## What the exercise asks
Restate word for word the lines of the entries below, starting with the line that holds "Futuristic Video Game Character Designs" and ending with the line that holds "Шкаф навесной для", and no others.

*** Opening Dataset excerpts ***

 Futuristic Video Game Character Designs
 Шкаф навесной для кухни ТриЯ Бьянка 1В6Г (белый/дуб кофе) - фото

*** Closing Dataset excerpts ***
*** Opening Dataset excerpts ***

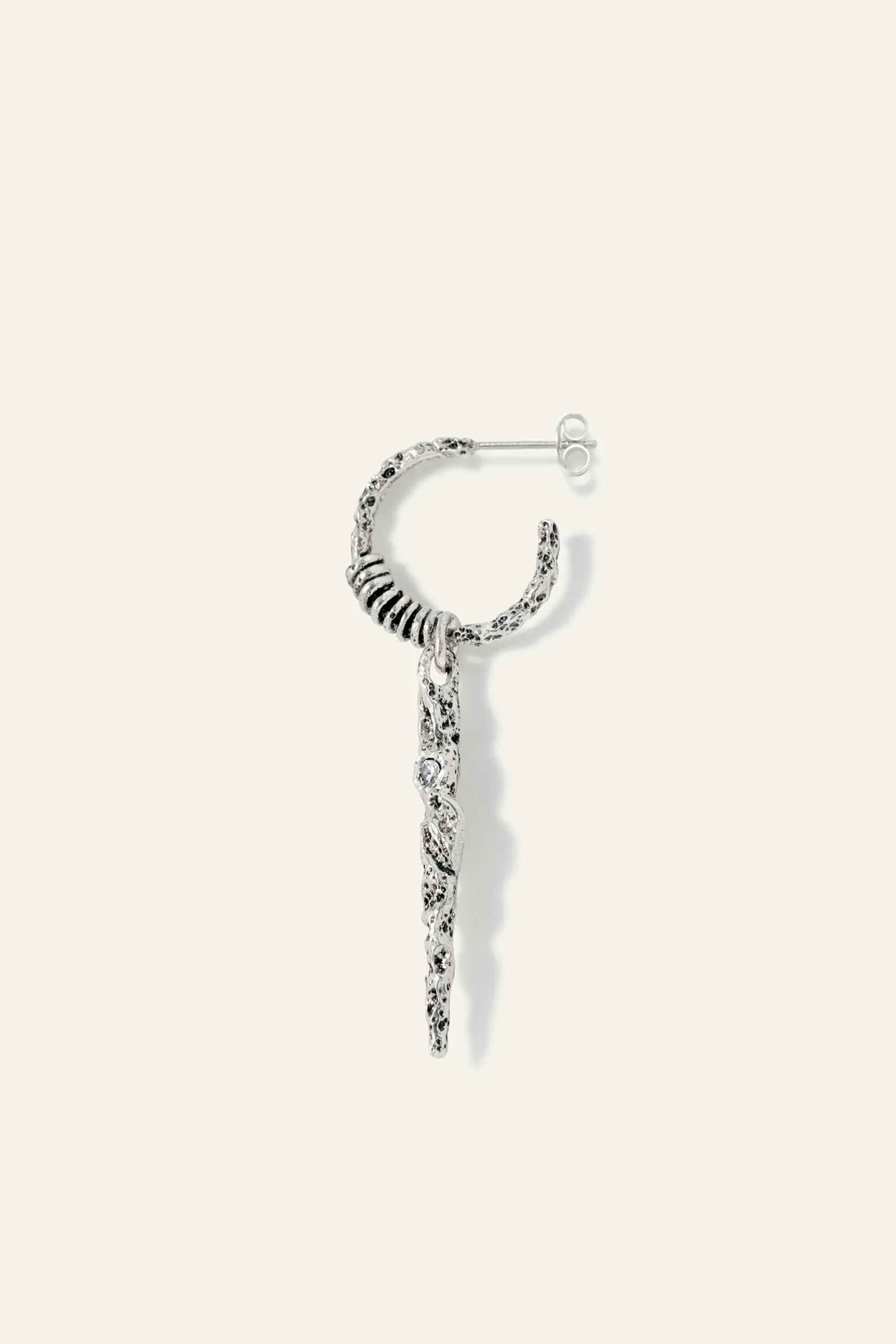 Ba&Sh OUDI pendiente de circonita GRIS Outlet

*** Closing Dataset excerpts ***
*** Opening Dataset excerpts ***

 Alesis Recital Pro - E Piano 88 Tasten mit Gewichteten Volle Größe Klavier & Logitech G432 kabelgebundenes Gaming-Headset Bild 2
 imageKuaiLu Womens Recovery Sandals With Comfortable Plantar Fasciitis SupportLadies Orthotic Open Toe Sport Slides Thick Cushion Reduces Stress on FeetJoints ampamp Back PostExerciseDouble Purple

*** Closing Dataset excerpts ***

## Response for this exercise
 Futuristic Video Game Character Designs
 Шкаф навесной для кухни ТриЯ Бьянка 1В6Г (белый/дуб кофе) - фото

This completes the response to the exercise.